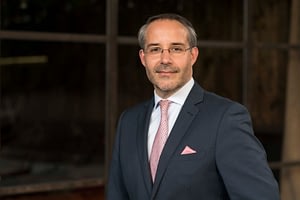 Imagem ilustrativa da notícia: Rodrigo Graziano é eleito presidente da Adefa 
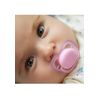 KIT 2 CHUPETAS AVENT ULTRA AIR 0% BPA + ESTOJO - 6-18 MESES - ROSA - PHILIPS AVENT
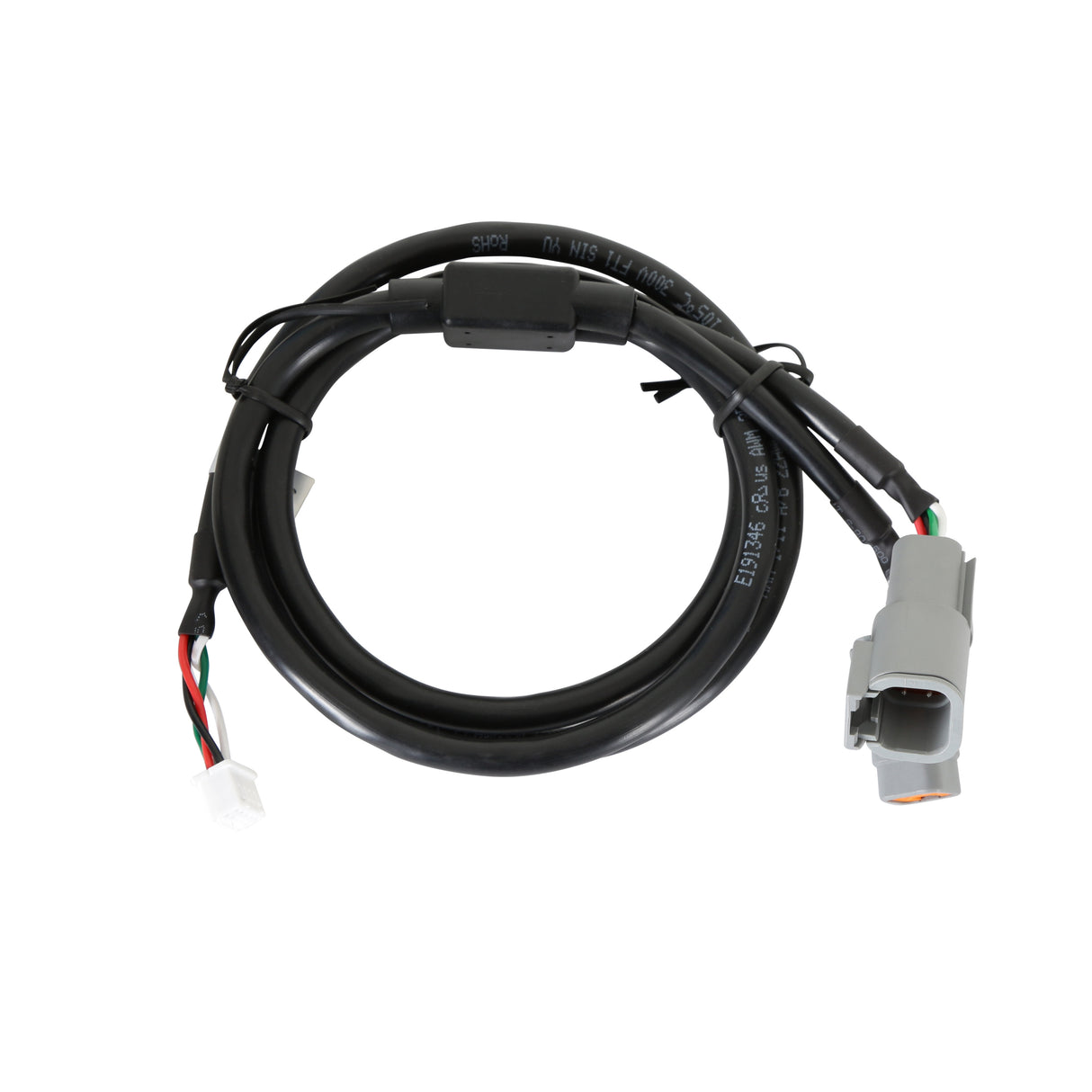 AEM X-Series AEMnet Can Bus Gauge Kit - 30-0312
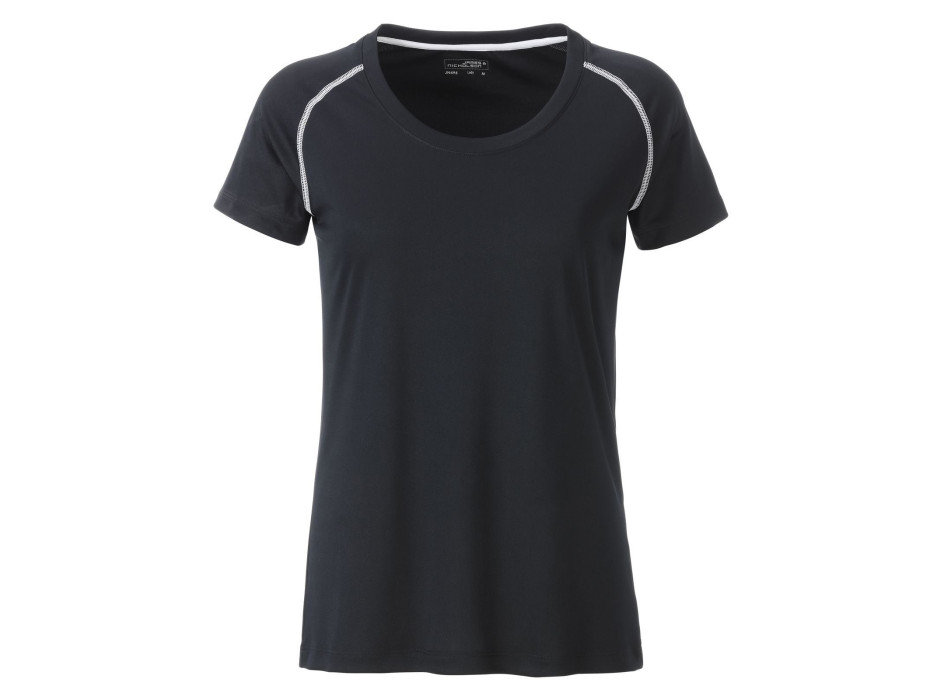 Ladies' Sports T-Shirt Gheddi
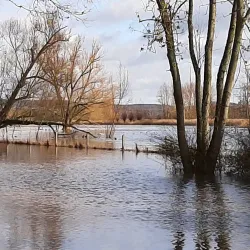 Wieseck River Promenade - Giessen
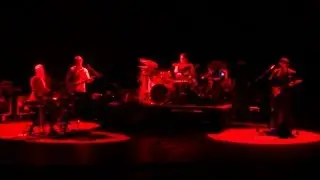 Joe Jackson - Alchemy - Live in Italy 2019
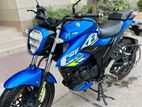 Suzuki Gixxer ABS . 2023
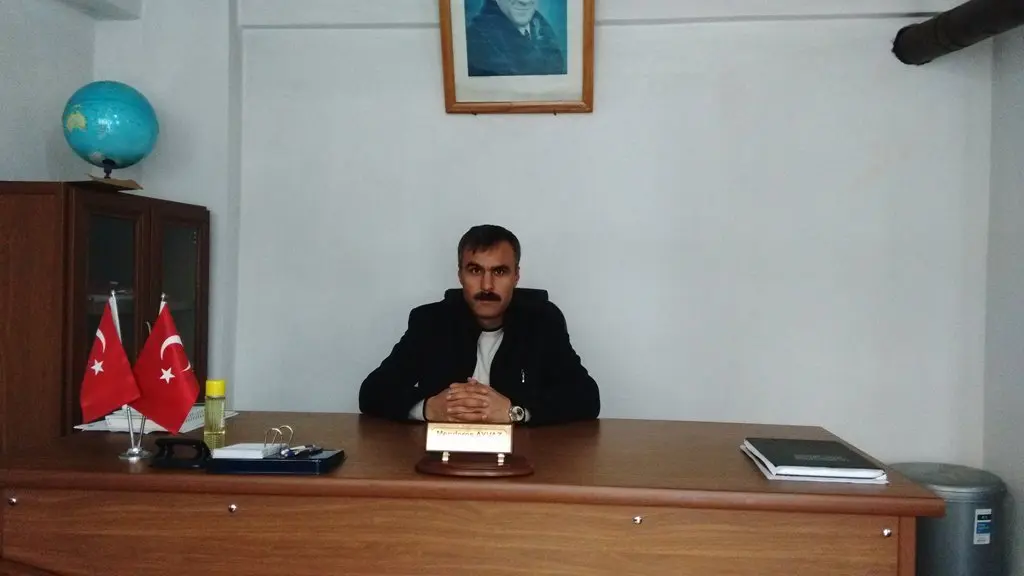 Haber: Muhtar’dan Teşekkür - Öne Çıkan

...

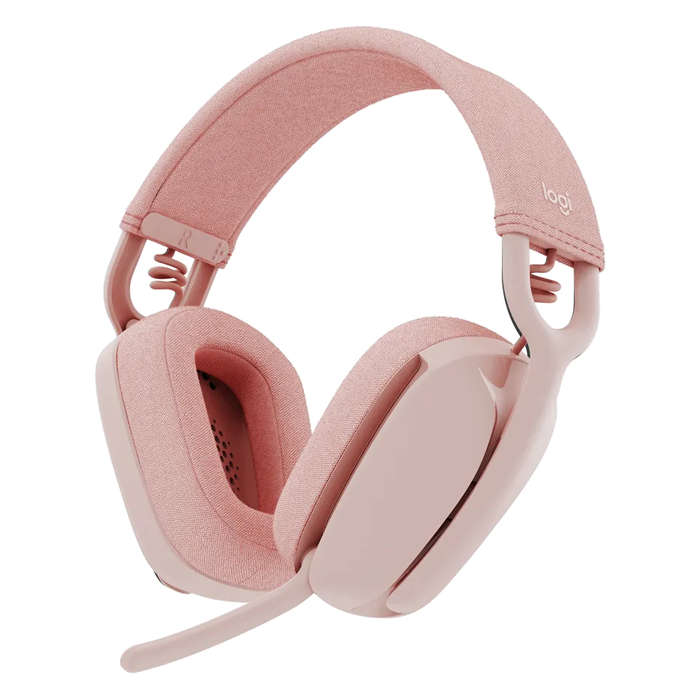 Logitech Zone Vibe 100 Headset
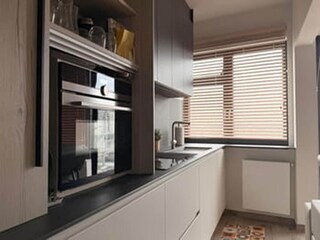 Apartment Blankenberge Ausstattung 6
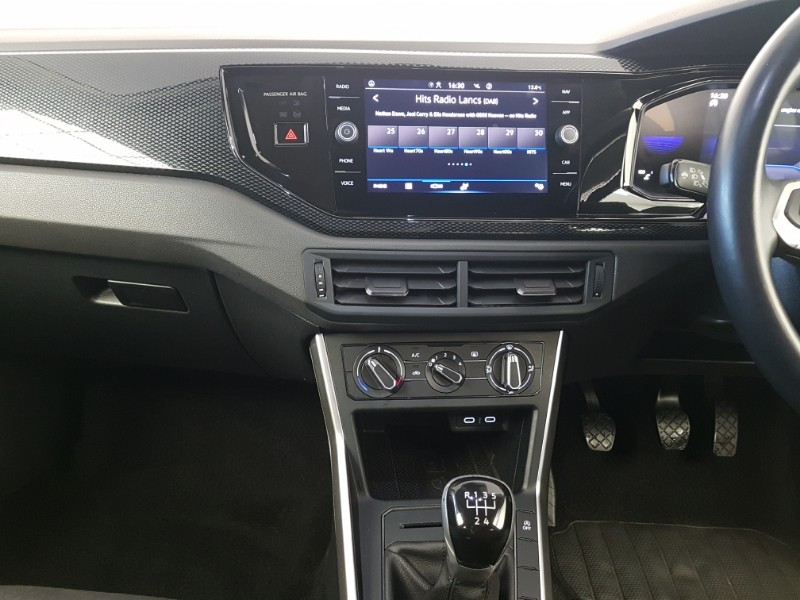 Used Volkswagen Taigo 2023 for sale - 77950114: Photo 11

* * *

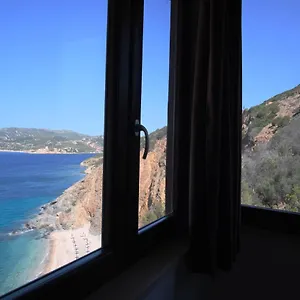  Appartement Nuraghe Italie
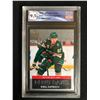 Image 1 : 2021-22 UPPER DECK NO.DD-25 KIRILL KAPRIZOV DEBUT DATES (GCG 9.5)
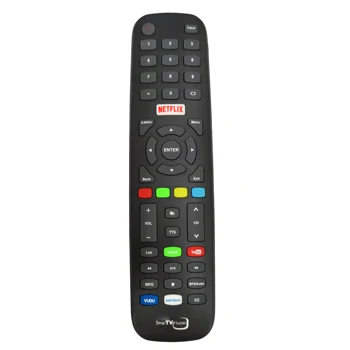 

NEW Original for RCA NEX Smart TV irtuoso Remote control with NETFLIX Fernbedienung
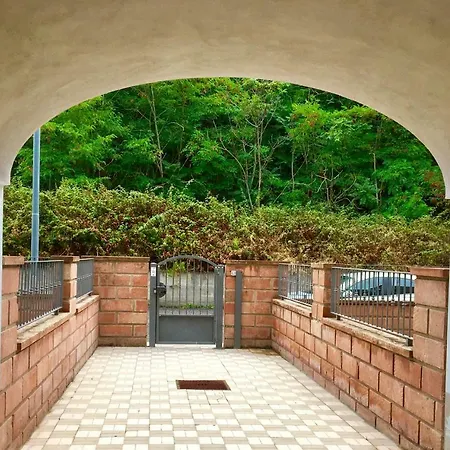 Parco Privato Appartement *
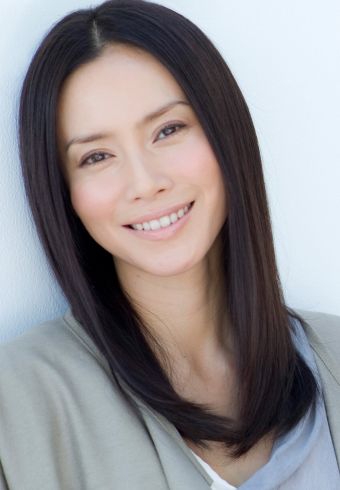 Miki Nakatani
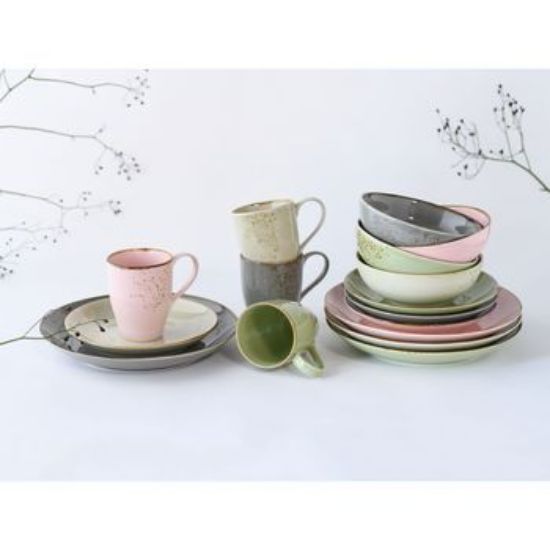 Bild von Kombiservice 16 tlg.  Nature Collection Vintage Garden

Exercise prompt: A clean copy is needed of the lines above from the one with "Parco Privato Appartement *" up to and including the one with "Bild von Kombiservice". Please set it down exactly, with no pictures.

Result for this task:
 Parco Privato Appartement *
 Miki Nakatani
 Bild von Kombiservice 16 tlg.  Nature Collection Vintage Garden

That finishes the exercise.